Do you have a mink farm close by? In Vermont, the local mink farm would come get our downed livestock free to feed to their animals. Some wildlife rehab/rescue agencies will also take the carcass.


----------



## ErinP (Aug 23, 2007)

We've lived/worked on 10 ranches in 2 states. Family, friends, neighbors... 
_Every_one with livestock has a dead pile. :shrug:


----------



## randiliana (Feb 22, 2008)

Same thing up here, we dispose of our dead stock in an open pit if they die around our yard or if they have to be moved. Otherwise we will just leave them where they fall. 

But there are laws in some States/Provinces on how you may dispose of dead livestock. A dead pile, burying, burning etc may or may not be legal where you live.
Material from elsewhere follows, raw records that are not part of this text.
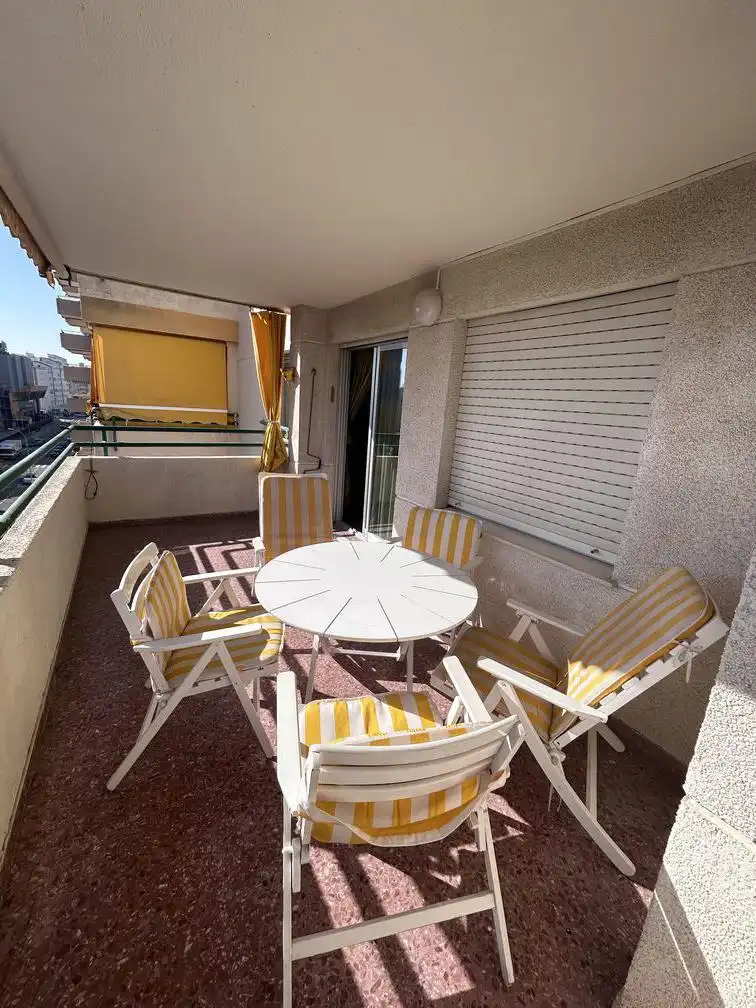 Apartament amb piscina de lloguer a Playa de Gandia, imagen 5
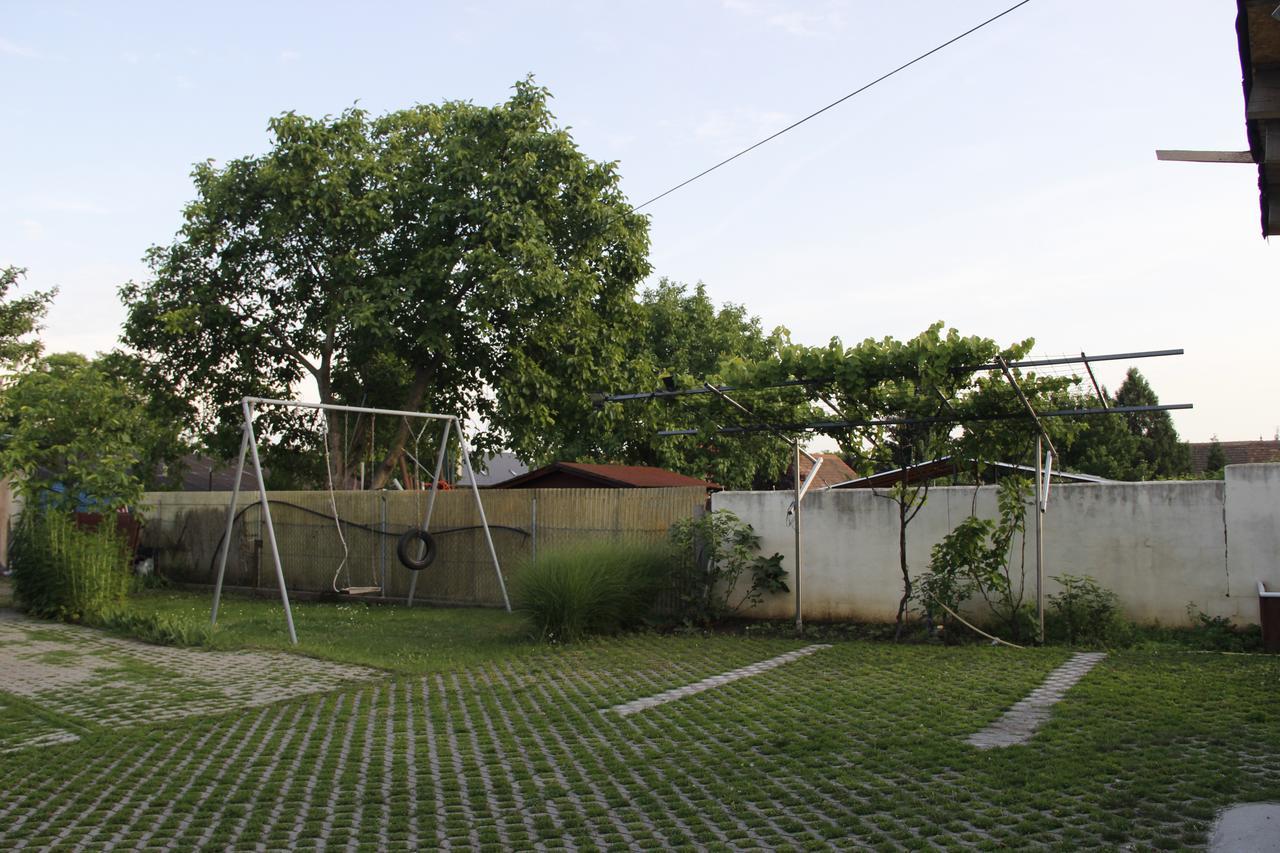 Kisherceg Szallashely Budapeşte Dış mekan fotoğraf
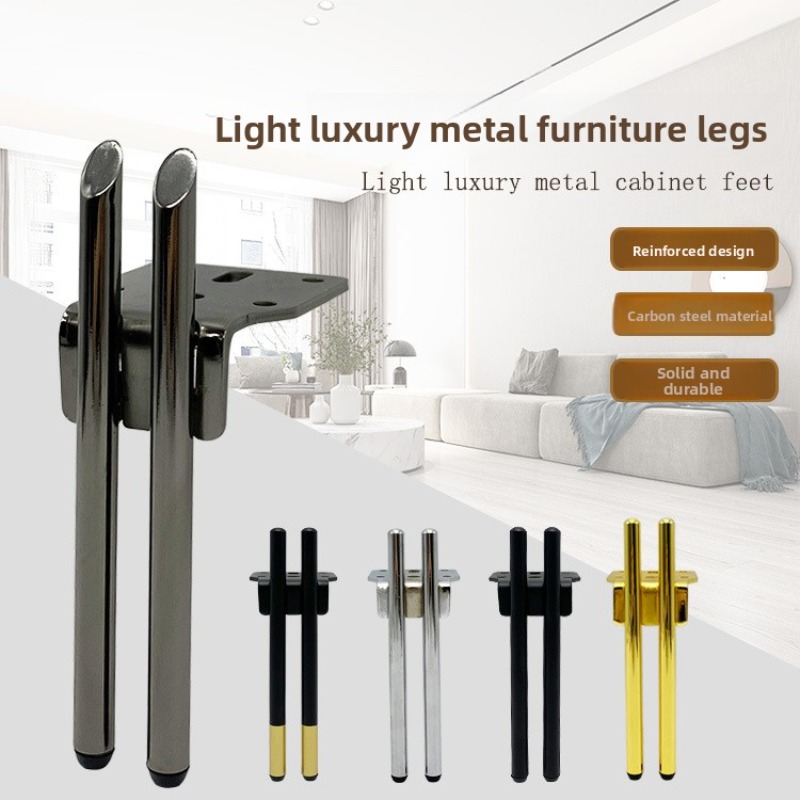 Lüks altın demir mobilya ayakl - Quality Furniture Hardware incelemesi ve fiyatı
I like the suggestion of cutting her up and feeding to your dogs, or selling/giving it to someone who wants RAW meat for their dogs.


----------



## Jennifer L. (May 10, 2002)

If you can't snake her out with chains or a rope,she must be in a hole. I'd push the rest of the creek bank down on top of her and bury her that way.

I was talking to a neighbor the other day and he was telling me the rendering people want $80 to take a dead cow away now. That's nuts!

Jennifer

PS, sorry you lost a cow, that always stinks.


----------



## francismilker (Jan 12, 2006)

Hate to sound so lazy but you might just consider leaving her where she lays. (That is, unless you have a neighbor downstream that drinking the creekwater!) They might get a bit testy about drinking beef broth!!!! 
I actually had a calf get off in a pond and die a few years ago while I was away working. It worried my poor wife to death so I promised her I'd take care of it asap when I got home. By the time I got there (one week later) it was already pretty well decomposed. I think the water might speed it up a bit.


----------



## de Molay (Sep 23, 2006)

Do you have a yard for your calves? At night put your animals in a secure area and let the coyotes have her. I have never heard of Bobcats attacking livestock. Chickens maybe cows/calves noway. If her body is in an area were it will contaminate fresh running water, I would skid her out with a tractor.


----------



## 50calray (Feb 9, 2009)

Invite the whole clan over for a BBQ?

That or hire some group to come out and bury the critter if you can't.


----------